Of the entries below, return only those lines from the line with "a dining room" to the line with "Porträt von zwei", exactly, both included.

__Provided material__:
↓

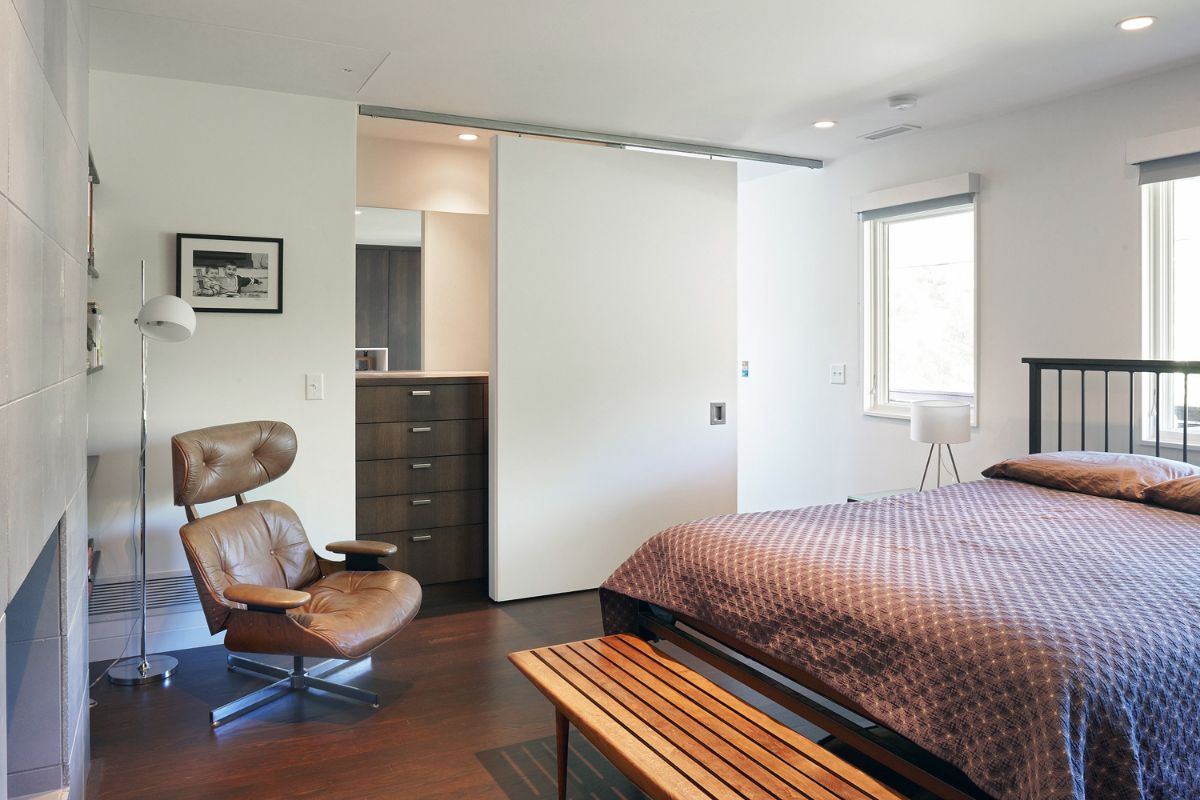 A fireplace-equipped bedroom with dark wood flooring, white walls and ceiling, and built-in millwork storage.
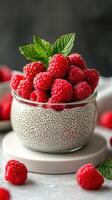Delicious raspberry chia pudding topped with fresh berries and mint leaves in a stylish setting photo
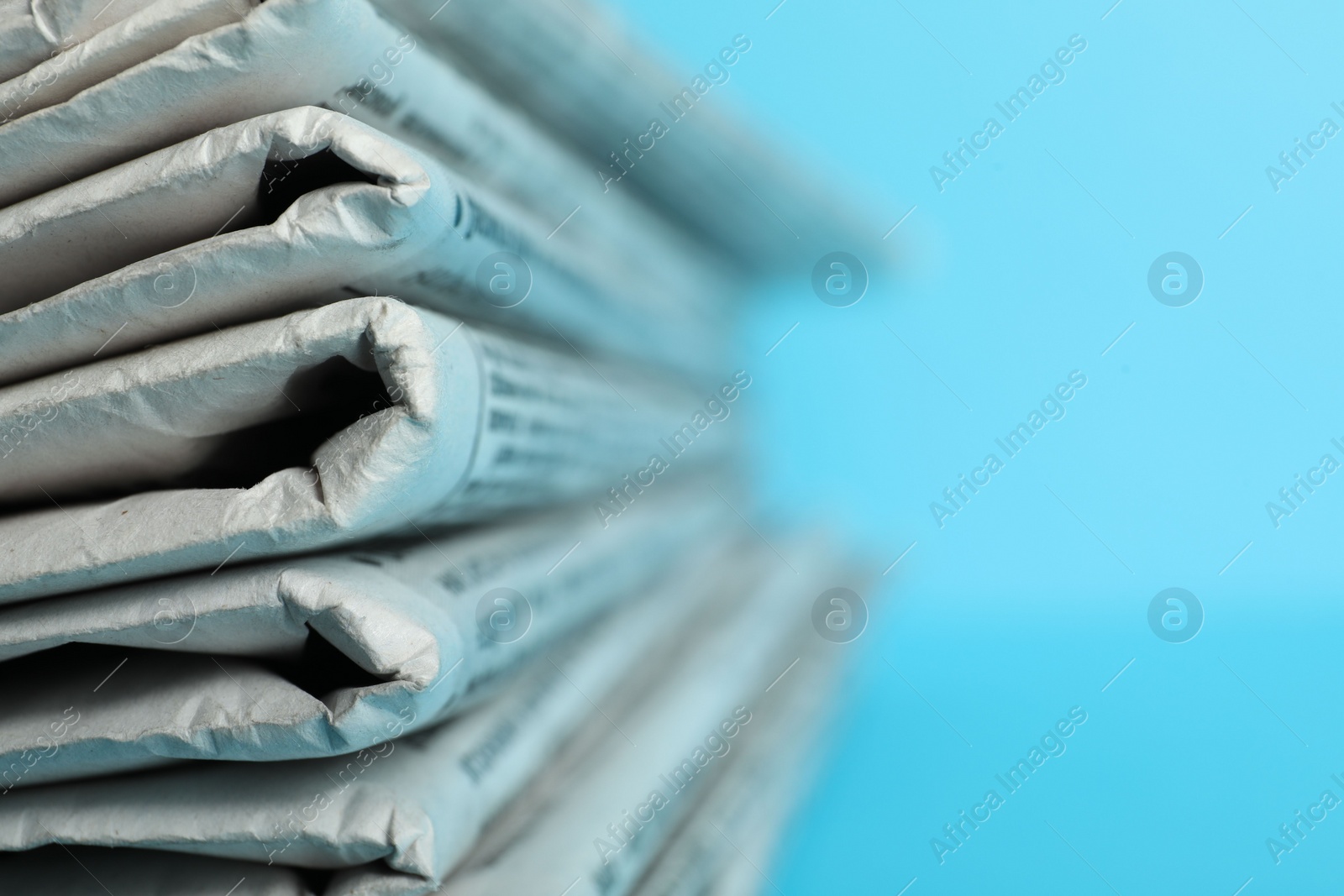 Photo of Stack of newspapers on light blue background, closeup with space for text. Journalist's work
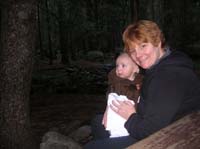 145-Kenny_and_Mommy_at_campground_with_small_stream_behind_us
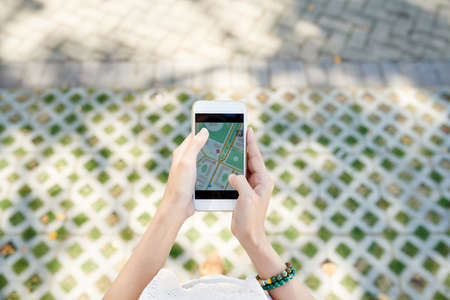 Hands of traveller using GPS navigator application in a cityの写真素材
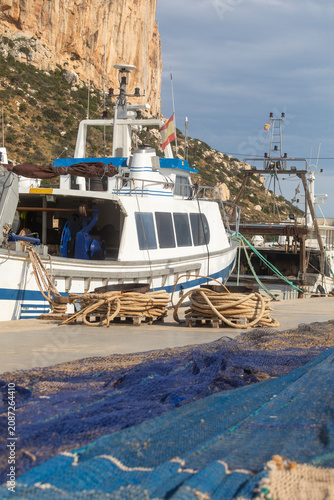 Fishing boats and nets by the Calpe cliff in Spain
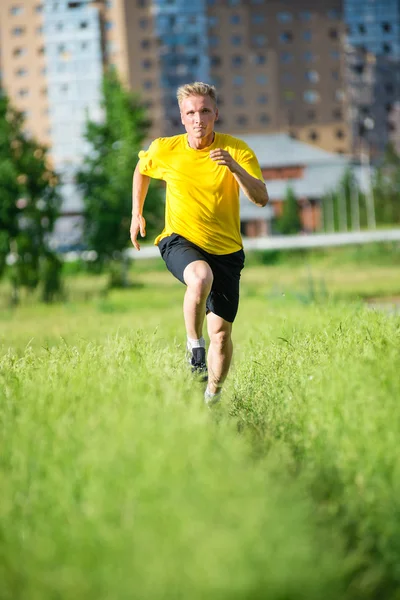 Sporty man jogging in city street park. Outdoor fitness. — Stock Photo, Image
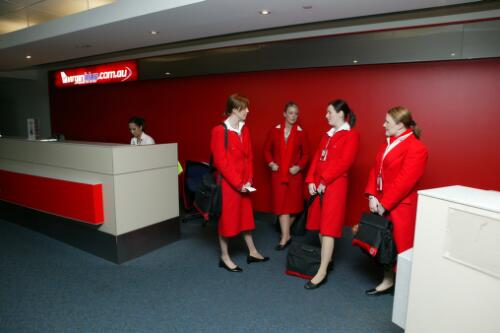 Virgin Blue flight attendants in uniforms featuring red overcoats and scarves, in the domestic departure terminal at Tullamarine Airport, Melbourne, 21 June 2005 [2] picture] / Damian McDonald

↑
↓

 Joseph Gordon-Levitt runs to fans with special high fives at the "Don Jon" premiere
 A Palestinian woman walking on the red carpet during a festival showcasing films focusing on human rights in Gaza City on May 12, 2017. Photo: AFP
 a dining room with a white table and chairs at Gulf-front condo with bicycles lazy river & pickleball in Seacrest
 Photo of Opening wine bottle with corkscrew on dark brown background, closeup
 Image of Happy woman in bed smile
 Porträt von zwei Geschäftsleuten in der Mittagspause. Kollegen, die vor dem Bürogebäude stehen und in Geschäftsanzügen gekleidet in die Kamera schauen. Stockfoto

↑
↓

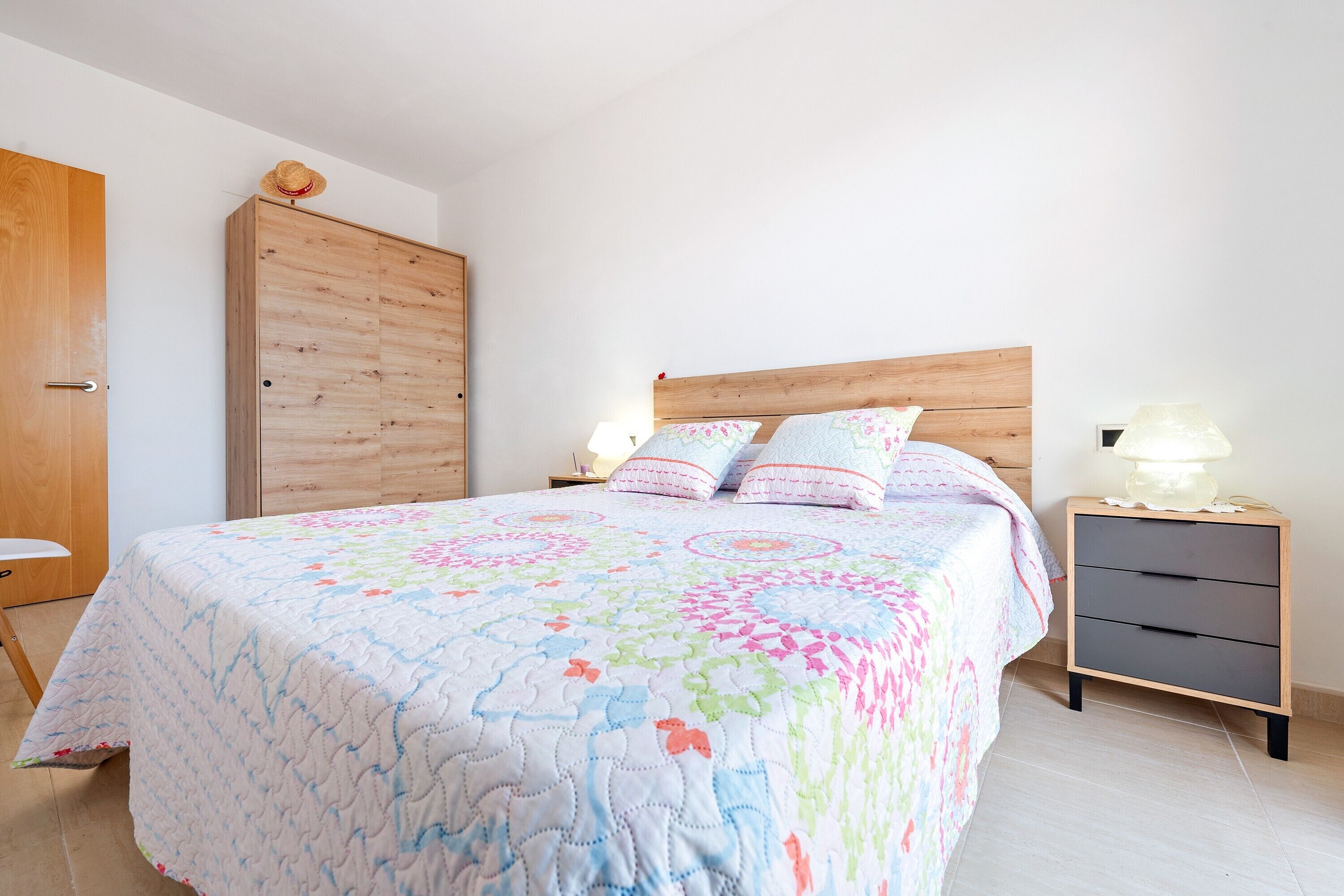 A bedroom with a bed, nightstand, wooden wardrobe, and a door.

↑

__Finished exercise__:
 a dining room with a white table and chairs at Gulf-front condo with bicycles lazy river & pickleball in Seacrest
 Photo of Opening wine bottle with corkscrew on dark brown background, closeup
 Image of Happy woman in bed smile
 Porträt von zwei Geschäftsleuten in der Mittagspause. Kollegen, die vor dem Bürogebäude stehen und in Geschäftsanzügen gekleidet in die Kamera schauen. Stockfoto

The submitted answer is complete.